Star Wars Legacy starts a new saga in the Star Wars universe, set 138 years after A New Hope. As I mentioned in my review of issue #5 of this series, this Star Wars Legacy is actually volume II of the series, following the ­­­first series that ran from 2006 to 2010. The new series highlights Ania Solo, the great-great-granddaughter of Han and Leia. However, the first arc of this series, released in trade paperback form under the title Prisoner of the Floating World, actually feels more like a really strong ensemble.   When I reviewed issue #5, which is the concluding chapter of this arc, my only real complaint was that I was lost having not read the first four issues. I wanted to revisit the arc now that the trade has been released and see if things make more sense. They definitely do, and Prisoner of the Floating World does a great job of world building, creating a really exciting vision of the Star Wars universe.  

  Star Wars Legacy begins with Jedi Knight Yalta Val being kidnapped by Sith lord Darth Wredd, who then takes Val’s position, impersonating him with the goal of building a communications link in order to murder Val in a transmission beamed across the galaxy.
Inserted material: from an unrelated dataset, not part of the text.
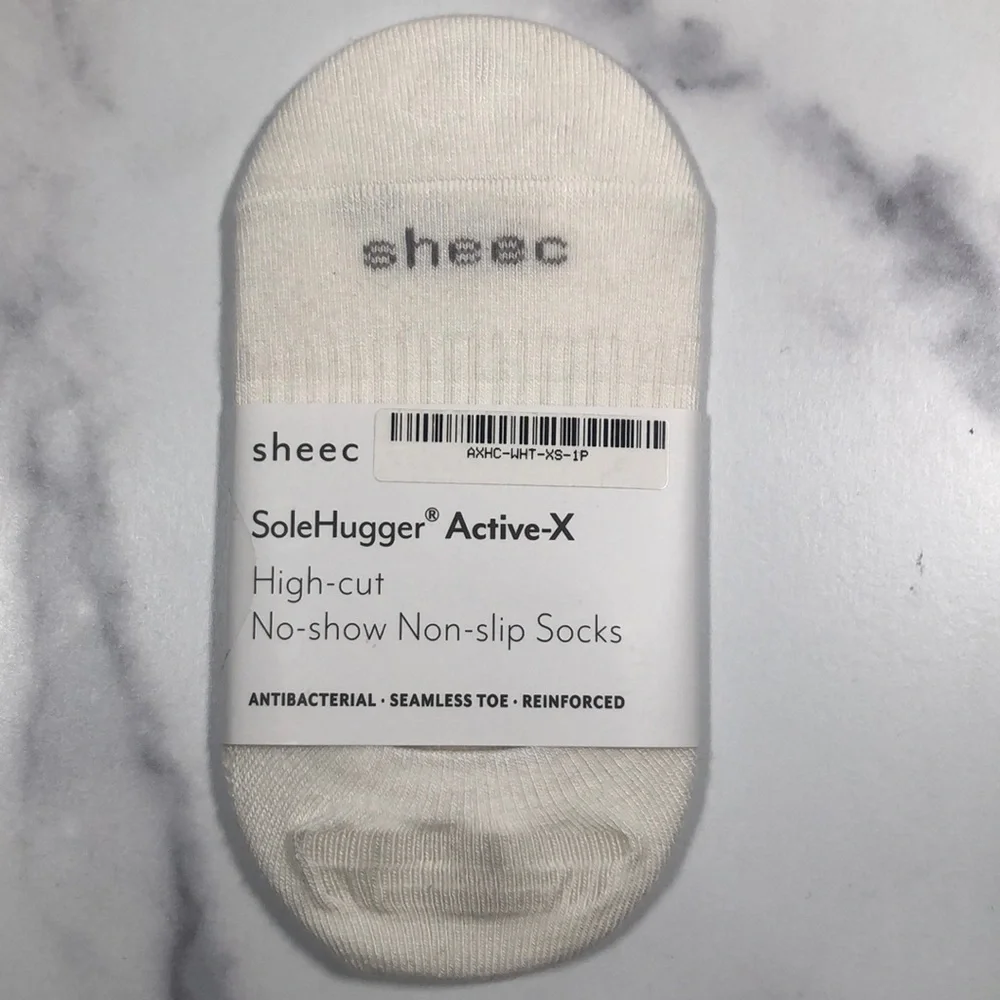 Sheec Active X SoleHugger High Cut No Show Socks Shoe Size Y2 Y3 NWT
Val’s apprentice, Jao Assam, figures out there is something wrong with the situation and travels to find him.   Along the way, Jao crosses paths with Ania Solo, a junk dealer, and her friends, a Mon Calamari named Sauk and an assassin droid AG-37, because they’ve come into possession of Val’s light saber. So they begin to work together to stop Wredd. The pace in these issues is pretty brisk, so there is a lot of plot with twists and unexpected conclusions.  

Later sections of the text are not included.